Таким образом, язык рассматривается не просто как средство познания, но и как инструмент социальной коммуникации, манипулирование которым господствующей идеологией касается не только языка наук (так называемых научных дискурсов каждой дисциплины), но главным образом проявляется в «деградации языка» повседневности, служа признаком извращения человеческих отношений, симптомом «отношений господства и подавления». При этом ведущие представители постструктурализма (такие, как Деррида и Фуко), продолжая традиции Франкфуртской школы Kulturkritik, воспринимают критику языка как критику культуры и цивилизации.

Привлекательность постструктурализма

Причины, по которым общефилософские идеи постструктурализма оказались столь привлекательными для современного литературоведения, обусловлены рядом факторов.
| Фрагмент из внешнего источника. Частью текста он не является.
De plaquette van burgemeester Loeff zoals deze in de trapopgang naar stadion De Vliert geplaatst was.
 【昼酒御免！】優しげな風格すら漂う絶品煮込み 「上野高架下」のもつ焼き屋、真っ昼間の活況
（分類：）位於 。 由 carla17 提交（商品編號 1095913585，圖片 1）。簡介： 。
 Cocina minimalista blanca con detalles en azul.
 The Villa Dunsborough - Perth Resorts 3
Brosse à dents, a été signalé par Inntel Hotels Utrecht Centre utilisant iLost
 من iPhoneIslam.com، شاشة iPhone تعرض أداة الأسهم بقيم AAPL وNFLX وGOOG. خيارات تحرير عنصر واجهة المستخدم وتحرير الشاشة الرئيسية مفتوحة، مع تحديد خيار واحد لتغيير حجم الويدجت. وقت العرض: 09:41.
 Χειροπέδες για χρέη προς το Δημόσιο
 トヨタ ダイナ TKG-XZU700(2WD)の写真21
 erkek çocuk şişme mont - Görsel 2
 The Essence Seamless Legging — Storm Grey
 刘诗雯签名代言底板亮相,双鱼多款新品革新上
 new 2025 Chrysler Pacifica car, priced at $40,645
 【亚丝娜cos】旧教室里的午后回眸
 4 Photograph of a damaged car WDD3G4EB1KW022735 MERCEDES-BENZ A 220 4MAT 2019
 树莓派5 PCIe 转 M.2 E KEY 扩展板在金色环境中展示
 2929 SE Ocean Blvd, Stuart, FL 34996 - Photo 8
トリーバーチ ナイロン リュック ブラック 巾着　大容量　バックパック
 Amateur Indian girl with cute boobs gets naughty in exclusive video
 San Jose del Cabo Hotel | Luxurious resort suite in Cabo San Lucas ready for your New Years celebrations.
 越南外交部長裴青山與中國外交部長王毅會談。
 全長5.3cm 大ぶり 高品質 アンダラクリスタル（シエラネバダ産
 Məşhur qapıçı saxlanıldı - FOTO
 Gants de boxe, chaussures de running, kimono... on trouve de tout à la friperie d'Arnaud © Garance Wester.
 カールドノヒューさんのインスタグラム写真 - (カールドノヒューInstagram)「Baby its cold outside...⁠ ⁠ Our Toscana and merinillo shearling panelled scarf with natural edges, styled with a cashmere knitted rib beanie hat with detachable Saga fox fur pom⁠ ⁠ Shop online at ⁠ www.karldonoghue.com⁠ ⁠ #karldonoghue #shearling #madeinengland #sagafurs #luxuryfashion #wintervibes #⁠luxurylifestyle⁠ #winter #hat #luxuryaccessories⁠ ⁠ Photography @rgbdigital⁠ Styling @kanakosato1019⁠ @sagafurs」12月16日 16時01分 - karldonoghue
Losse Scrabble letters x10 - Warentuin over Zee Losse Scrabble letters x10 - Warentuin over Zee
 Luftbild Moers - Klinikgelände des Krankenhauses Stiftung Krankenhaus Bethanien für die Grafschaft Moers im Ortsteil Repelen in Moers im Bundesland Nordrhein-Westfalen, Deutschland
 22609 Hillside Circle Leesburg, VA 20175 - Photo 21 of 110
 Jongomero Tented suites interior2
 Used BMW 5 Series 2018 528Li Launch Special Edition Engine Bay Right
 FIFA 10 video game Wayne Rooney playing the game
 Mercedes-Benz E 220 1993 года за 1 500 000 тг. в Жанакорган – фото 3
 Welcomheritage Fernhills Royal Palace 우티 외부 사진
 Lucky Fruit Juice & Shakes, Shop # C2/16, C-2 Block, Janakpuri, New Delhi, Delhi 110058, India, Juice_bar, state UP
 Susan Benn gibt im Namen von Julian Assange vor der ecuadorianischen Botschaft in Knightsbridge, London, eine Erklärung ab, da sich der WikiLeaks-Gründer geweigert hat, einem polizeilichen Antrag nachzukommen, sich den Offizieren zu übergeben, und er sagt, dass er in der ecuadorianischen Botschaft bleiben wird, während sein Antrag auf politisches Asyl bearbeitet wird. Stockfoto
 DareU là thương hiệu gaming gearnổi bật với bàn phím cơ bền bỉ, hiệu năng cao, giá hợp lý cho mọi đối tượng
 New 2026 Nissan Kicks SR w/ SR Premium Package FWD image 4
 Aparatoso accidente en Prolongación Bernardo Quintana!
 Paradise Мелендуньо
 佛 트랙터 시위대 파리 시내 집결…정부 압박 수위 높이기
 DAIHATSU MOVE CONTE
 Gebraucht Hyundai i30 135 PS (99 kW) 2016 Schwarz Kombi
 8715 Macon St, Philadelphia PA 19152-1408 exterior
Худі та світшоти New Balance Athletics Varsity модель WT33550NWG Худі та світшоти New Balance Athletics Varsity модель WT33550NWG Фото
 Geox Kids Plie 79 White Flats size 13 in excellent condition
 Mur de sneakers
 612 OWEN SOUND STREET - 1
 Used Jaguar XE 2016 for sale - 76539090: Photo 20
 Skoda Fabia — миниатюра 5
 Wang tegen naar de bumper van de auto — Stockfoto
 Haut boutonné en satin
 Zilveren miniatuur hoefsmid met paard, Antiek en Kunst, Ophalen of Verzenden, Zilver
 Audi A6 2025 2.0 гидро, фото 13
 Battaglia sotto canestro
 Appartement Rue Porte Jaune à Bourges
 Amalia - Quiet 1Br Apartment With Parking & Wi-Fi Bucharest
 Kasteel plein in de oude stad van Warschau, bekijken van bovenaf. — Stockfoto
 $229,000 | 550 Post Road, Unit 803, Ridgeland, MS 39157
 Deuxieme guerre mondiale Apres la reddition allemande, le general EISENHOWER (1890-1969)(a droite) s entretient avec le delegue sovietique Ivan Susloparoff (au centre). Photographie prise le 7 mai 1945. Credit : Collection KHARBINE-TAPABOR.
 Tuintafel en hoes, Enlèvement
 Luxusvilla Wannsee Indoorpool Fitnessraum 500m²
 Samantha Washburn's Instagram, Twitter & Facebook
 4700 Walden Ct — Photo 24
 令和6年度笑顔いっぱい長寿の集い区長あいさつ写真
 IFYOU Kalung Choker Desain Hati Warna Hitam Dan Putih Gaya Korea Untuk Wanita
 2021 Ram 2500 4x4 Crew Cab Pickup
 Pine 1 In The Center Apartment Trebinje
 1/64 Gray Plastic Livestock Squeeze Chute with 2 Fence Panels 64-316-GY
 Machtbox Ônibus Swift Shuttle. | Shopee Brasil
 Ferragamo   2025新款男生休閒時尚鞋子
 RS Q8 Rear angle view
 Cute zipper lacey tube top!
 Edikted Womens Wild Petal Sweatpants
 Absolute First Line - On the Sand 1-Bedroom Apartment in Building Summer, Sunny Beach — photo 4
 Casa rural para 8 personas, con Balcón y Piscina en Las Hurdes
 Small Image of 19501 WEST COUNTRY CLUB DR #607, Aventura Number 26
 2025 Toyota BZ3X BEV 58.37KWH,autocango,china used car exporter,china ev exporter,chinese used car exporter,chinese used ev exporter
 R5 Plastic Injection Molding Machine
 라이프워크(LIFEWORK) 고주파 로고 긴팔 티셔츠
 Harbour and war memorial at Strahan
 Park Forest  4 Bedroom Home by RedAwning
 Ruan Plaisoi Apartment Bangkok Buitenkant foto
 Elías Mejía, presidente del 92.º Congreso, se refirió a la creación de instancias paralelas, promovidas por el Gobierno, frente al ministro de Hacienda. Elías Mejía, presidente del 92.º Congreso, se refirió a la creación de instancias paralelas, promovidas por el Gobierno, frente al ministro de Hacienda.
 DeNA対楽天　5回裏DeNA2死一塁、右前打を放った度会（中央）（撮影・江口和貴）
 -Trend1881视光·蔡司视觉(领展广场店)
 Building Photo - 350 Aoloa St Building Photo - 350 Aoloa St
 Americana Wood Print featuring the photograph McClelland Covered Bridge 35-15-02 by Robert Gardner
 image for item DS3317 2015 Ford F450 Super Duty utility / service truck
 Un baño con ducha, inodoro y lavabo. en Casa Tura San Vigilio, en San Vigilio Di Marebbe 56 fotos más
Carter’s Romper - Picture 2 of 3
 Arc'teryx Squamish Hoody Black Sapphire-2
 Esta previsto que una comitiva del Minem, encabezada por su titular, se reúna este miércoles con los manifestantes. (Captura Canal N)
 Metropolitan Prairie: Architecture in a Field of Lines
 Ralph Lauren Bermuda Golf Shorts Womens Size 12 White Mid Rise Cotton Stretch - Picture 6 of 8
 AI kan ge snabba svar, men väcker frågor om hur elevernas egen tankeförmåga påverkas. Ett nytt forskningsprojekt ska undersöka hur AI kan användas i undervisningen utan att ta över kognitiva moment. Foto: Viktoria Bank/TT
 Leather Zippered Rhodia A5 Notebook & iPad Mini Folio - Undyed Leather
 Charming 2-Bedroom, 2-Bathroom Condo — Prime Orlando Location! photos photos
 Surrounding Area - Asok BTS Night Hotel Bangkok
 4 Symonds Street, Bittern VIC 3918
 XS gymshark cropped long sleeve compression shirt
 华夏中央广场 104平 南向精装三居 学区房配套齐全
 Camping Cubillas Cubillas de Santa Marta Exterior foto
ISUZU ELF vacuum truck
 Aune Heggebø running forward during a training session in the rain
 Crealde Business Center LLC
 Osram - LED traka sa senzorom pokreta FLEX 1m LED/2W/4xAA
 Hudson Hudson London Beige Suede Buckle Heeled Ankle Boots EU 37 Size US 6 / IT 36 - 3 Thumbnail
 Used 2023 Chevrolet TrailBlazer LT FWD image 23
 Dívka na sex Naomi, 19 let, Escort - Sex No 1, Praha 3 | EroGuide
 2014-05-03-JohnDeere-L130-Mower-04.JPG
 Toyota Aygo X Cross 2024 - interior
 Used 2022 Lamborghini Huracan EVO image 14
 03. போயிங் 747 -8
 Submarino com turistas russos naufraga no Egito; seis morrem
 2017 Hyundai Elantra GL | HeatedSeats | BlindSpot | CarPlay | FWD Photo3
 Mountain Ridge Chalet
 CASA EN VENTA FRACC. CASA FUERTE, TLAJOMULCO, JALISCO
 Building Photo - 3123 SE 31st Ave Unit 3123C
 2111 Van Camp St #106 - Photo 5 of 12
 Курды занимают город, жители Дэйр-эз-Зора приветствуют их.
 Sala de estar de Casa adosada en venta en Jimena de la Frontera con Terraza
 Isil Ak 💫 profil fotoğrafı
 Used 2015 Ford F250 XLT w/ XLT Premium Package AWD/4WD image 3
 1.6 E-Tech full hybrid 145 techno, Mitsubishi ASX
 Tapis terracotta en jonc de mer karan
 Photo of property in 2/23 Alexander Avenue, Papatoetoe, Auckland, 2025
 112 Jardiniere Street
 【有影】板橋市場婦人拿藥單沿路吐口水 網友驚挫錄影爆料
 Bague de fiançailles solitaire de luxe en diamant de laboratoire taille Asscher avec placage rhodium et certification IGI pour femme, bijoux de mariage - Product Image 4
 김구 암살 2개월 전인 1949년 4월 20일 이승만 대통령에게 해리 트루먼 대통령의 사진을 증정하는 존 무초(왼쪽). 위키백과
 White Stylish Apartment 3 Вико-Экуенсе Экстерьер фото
Во-первых, все основные представители постструктурализма (Ж. Деррида, Ж. Делез, Ф. Гваттари, М. Фуко, Ж. Лакан, Р. Барт, Ю. Кристева), что, кстати, очень характерно вообще для теоретической мысли конца XX в., активно используют художественную литературу для доказательства и демонстрации своих гипотез и выводов. В этом отношении постструктурализм, о чем уже говорилось выше, находится в общем русле той тенденции научного мышления современности, для которого изящная словесность стала испытательным полигоном для разного рода концепций философского, культурологического, социологического и даже научно-естественного характера. Во-вторых, сама специфика научного мышления, заостренного на языковых проблемах и апеллирующего не к языку логического и строго формализованного понятийного аппарата, а к языку интуитивно-метафорических, поэтически многозначных понятий, вызывала повышенный интерес к проблематике литературно-художественного свойства. И, наконец, в-третьих, при таком подходе литературоведение, со своей стороны, перестает быть только наукой о литературе и превращается в своеобразный способ современного философствования.

В связи с этим резко изменились роль и функция литературоведения как науки. С одной стороны, оно начало терять свою специфику, традиционный набор признаков и параметров, характерных лишь только для него как строго специализированной дисциплины тем и объектов исследования, а также привычный понятийный аппарат и аналитический инструментарий. Литературоведение стало размываться, превращаться в интердисциплинарную науку без четко сформулированного и определенного предмета изучения.

Разумеется, речь не идет обо всем современном западном литературоведении, а лишь о наиболее характерных тенденциях его теоретического обоснования. И еще одно немаловажное замечание. Уход в философское теоретизирование гораздо характернее для французских философов-литературоведов, нежели для их заокеанских коллег. Но даже и у последних практически любой анализ художественного произведения volens nolens, как правило, имеет тенденцию превращаться в философские рассуждения о познаваемости (вернее, о непознаваемости) мира, о специфической природе языка и ненадежности знания, получаемого с его помощью. Фактически основные теоретики деконструктивизма (например, П. де Ман, Г. Блум, X. Миллер) не столько анализируют художественные тексты, сколько стремятся выявить их скрытый алогизм, обусловленный риторической природой языка. Да к тому же не следует забывать, что деконструктивизм не признает существования отдельного текста как такового, его приверженцы вообще изучают не тексты, а «интертекстуальность». Разумеется, приоритет общетеоретических интересов у основоположников постструктурализма и деконструктивизма не исключает наличия примерных, образцовых анализов отдельных текстов, моделирующих основные принципы «нового подхода» к произведению, как у первопроходцев этого течения, так и прежде всего у большой массы критиков, захваченных этим движением и составляющих, условно говоря, его нижний эшелон. Как уже отмечалось, даже и эти анализы во многом сохраняют абстрактно-теоретический характер, хотя справедливости ради необходимо сказать, что это больше является достоянием скорее французских, нежели американских критиков, у которых гораздо заметнее преобладание практических интересов к скрупулезному словесно-текстуальному анализу в духе традиций «тщательного прочтения» «новой критики».